Ты хочешь об этом поговорить? — вкрадчивым голосом спросил Тойво.
Илейка немедленно рассмеялся, а Макс только головой покрутил — он не понимал этого языка.
Охвен на секунду поджал губы и произнес:
Покорнейше прошу меня извинить.
После этого немедленно ощупал свои ноги, прошелся взад-вперед, изобразил бег на месте, потом несколько раз присел, отставляя поочередно то правую ногу, то левую, поднимаясь.
Это он подвижность свою проверяет, — объяснил всем Мортен. — Увечным был до этого времени. Хромым.
А! — понимающе ответили все и даже Макс, который ничего не понял.
Мортен тоже принялся осматривать себя и охлопывать, словно бы соскучился по себе, любимому. Антикайнен пошел осматривать подвал слева от лестницы, Илейка — справа. Они встретились посередине.
Ничего, — сказал Тойво.
Ничего, — сказал Нурманин.
И они вновь пошли по кругу.
Макс в недоумении ухватился за свой полуоторванный погон и подумал: может, пришить его пока время есть? Потом махнул рукой: какое, нахрен, время! У него смешной суд впереди с несмешным приговором. А тут народу в камеру набилось, как сельдей в банку.
Уважаемые сокамерники! — начал он свою речь. — Не знаю, как вам, но мне существующее положение кажется тревожным.
Сокамерники начали переглядываться: слова русского языка были не вполне знакомы многим. Тойво вздохнул и перевел. Тогда все дружно закивали головами, соглашаясь.
Ну, говори дальше, — сказал Антикайнен Максу, и тот обрадовался.
Так вы по-русски говорите! Вот удача-то. А я слышу язык «Калевалы», но ни черта в нем не разбираюсь.

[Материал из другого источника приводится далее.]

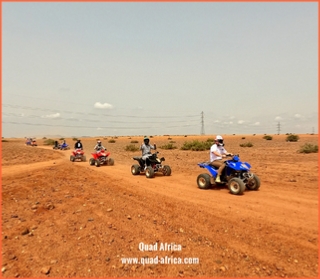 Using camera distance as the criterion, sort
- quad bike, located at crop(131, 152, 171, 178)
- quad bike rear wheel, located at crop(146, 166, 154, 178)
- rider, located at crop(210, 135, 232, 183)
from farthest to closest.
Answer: quad bike, located at crop(131, 152, 171, 178) → quad bike rear wheel, located at crop(146, 166, 154, 178) → rider, located at crop(210, 135, 232, 183)

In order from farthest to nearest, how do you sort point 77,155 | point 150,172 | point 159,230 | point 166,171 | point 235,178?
point 77,155
point 166,171
point 150,172
point 235,178
point 159,230

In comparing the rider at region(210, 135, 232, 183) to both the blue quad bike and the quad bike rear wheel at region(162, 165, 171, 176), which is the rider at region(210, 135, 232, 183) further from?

Мне друг Ванька сто раз на нем руны читал, — ответил майор.
Народ подошел поближе, прислушиваясь.
Макс неожиданно потерял нить своих размышлений, которые он собирался озвучить, но не растерялся.
Макс, — представился он и протянул вперед свою ладонь.
Каждый из присутствующих по очереди подошел к нему и пожал руку, назвавшись Тойво Антикайненом, Илейкой Нурманином, Мортеном из Гломмы, Охвеном Аунукселяйненом. Никто не достал ножик и не помышлял начать резать друг дружку.
Ну, рассказывай, как ты под креслами очутился, — предложил ему Тойво. — Я тебя сразу увидел, едва только из камня вылез. Ты, можно сказать, старожил.
А я тебя знаю, — ответил Макс. — Или не тебя. Но был такой Тойво Антикайнен красным финном. Правда, с определенного времени нельзя его вспоминать. Закон запрещает.
Это что за такой закон? — обиделся Тойво. — Это незаконно, когда запрещают людей вспоминать самым законным образом. Откуда ты, Макс?
Я родом из детства. А детство мое было в Союзе Советских Социалистических Республик. Теперь часть этой страны зовется государством Россия.
И что же получается — Россию захватили враги?
Да, — вздохнул Макс. — Именно так дело и обстояло. До определенного момента. Нынешнего момента.
Тойво с недоверием посмотрел на него, но возражать не стал. Неизвестно в какую реальность он из камня вылез. Хорошо, хоть не обратно в Соловецкую.
Хорош! — вступил в разговор Илейка. — Я лишь через слово понимаю, но понял, что не понял ничего. Говорите для всех.
Йа, йа, — закивали головами Охвен и Мортен. — Штангенциркуль. Натюрлих.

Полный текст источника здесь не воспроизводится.